* **TASK INSTRUCTIONS**: The line containing "Wedding Flowers: Roses, Lilies, and" marks the start; extract exactly from it through the last line of the entries, and omit any pictures.
***** MATERIAL FOR THIS TASK *****
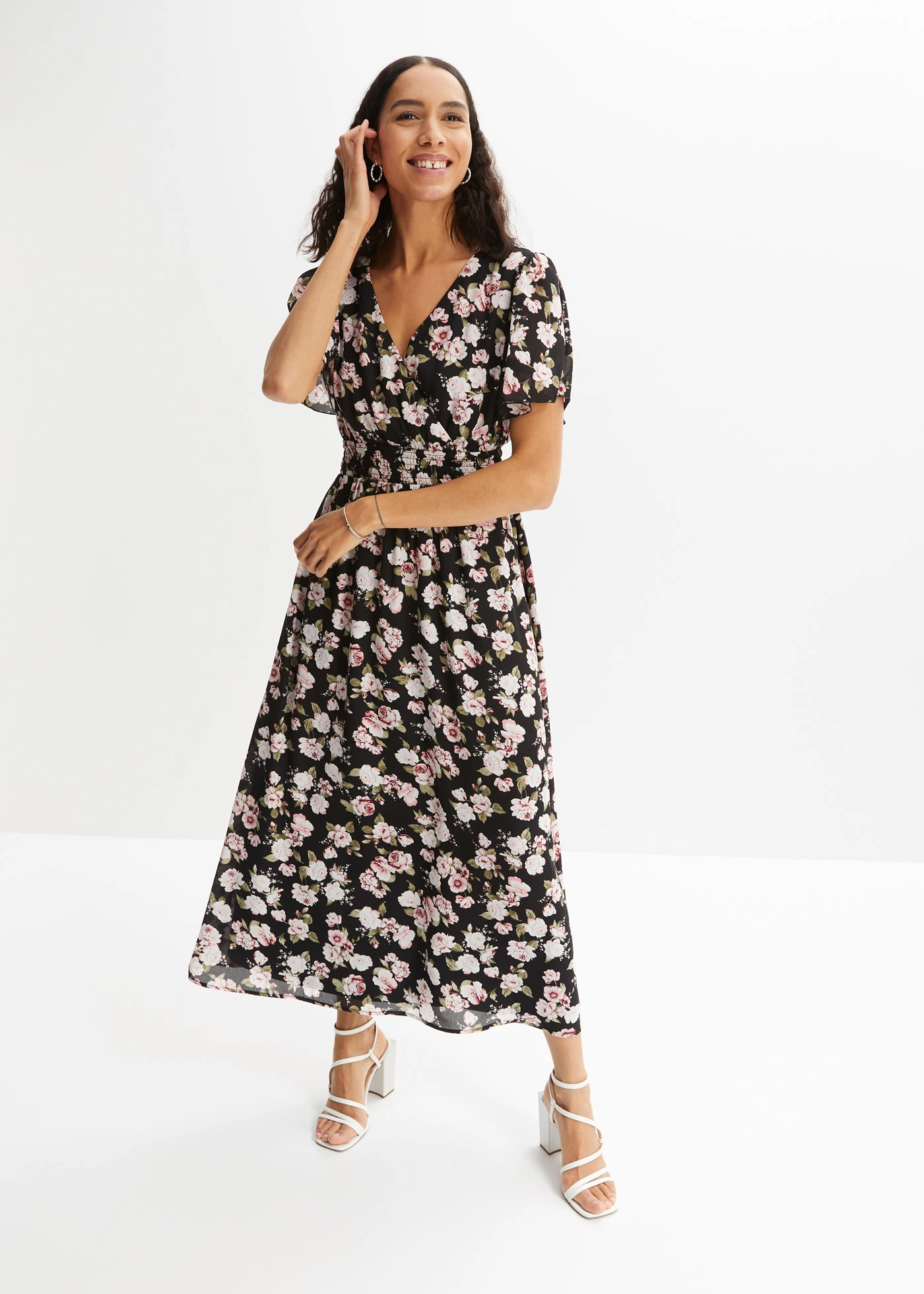 Robe longue à imprimé floral • noir avec roses • Boutique bonprix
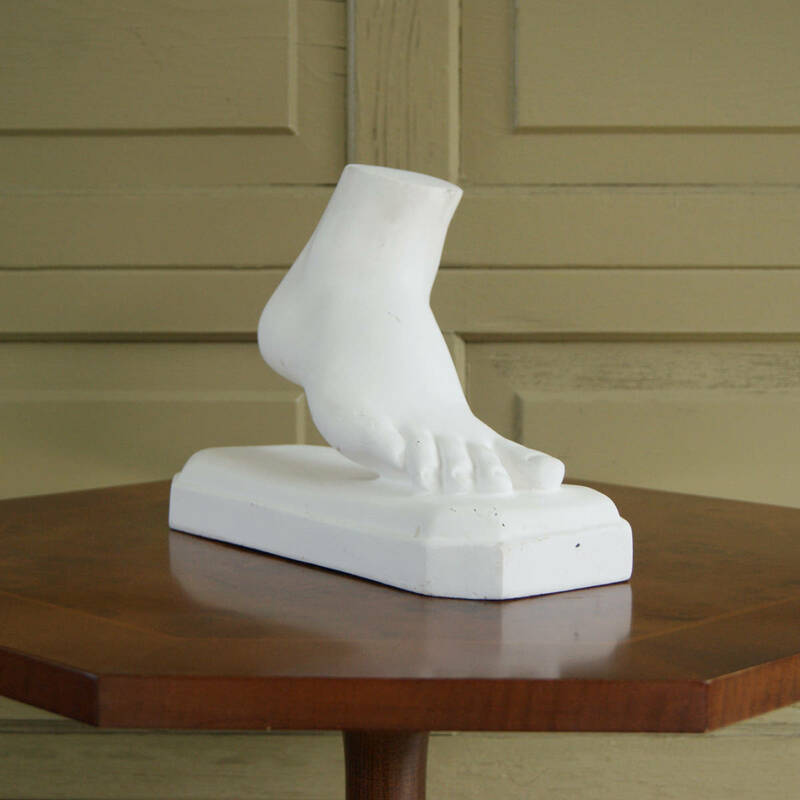 5619k3【石膏像 足の石膏 模型 白 ホワイト 台座付 女の足】女性 オブジェ デッサン モデル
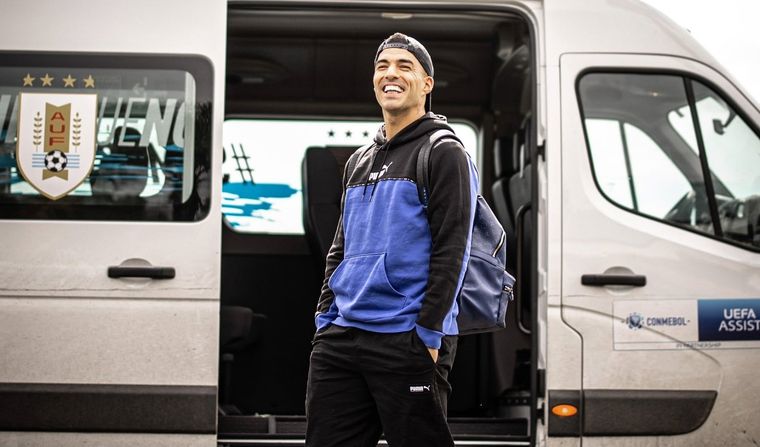 El Pistolero retornó al seleccionado. Foto: @Uruguay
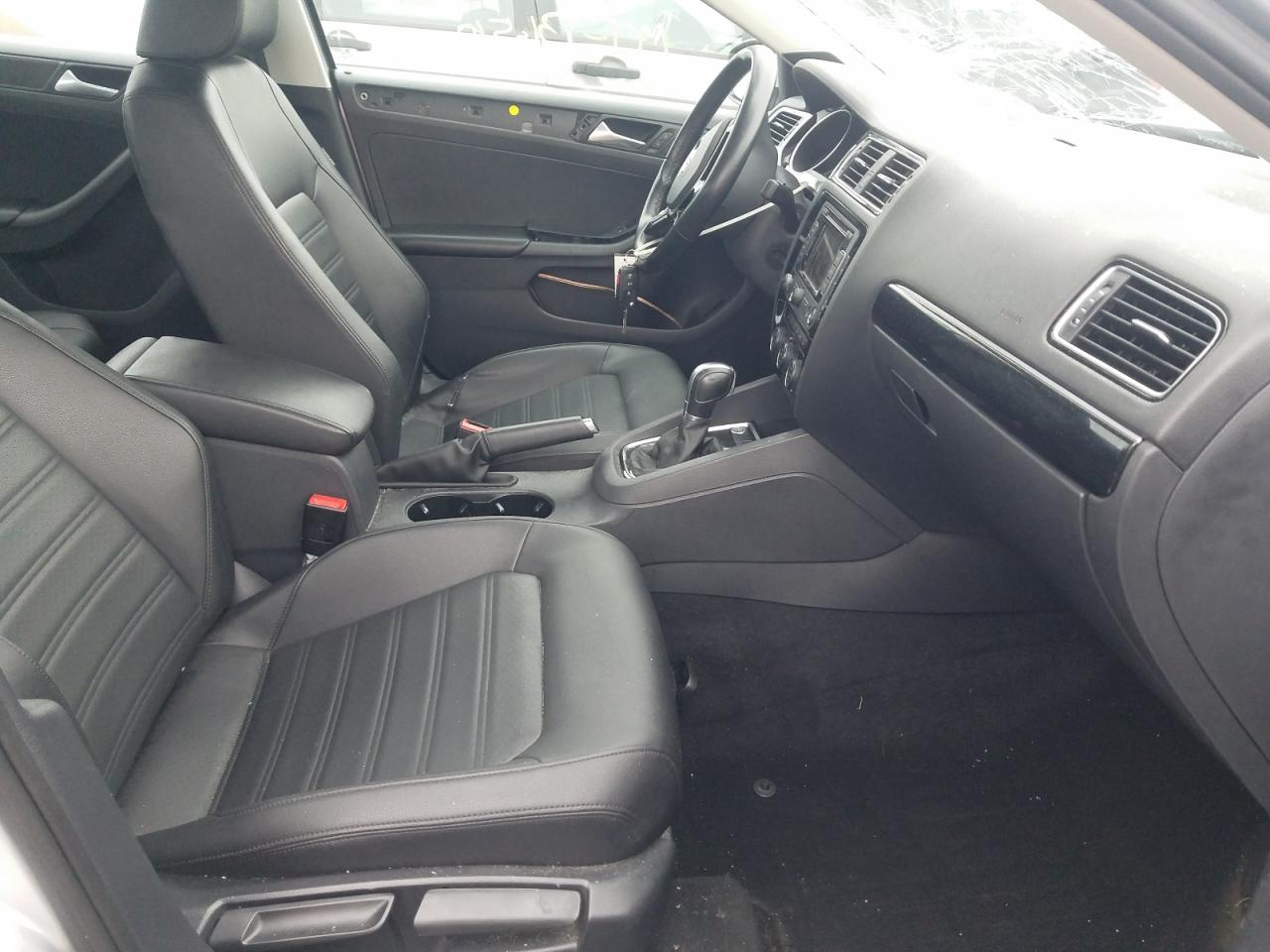 Photo 19 from auction – 2015 VOLKSWAGEN JETTA SEL with VIN 3VWL07AJ5FM221657
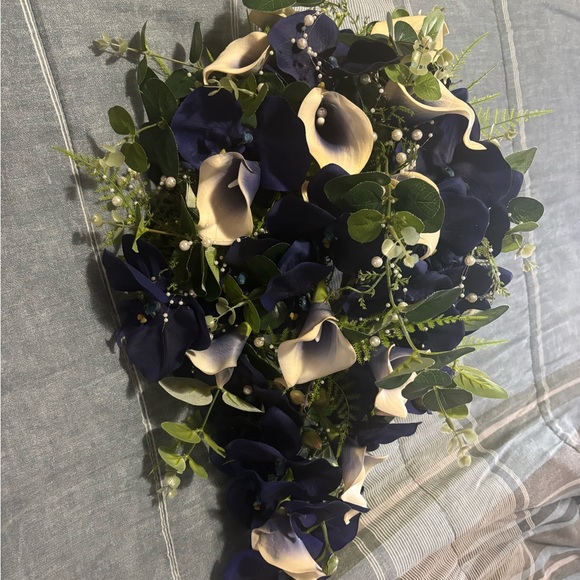 Wedding Flowers: Roses, Lilies, and orchids - Picture 1 of 6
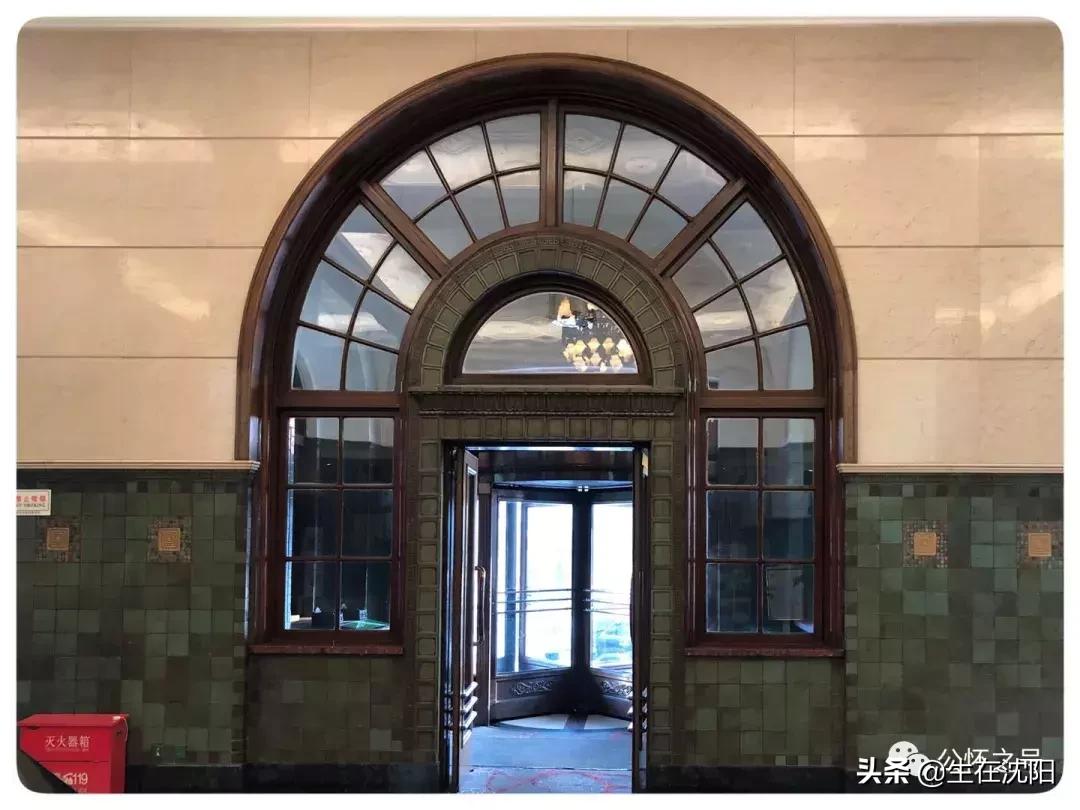 沈阳中山广场雕塑是谁建的,沈阳中山广场周围建筑群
*****
* **RESPONSE TO THIS EXERCISE**:
 Wedding Flowers: Roses, Lilies, and orchids - Picture 1 of 6
 沈阳中山广场雕塑是谁建的,沈阳中山广场周围建筑群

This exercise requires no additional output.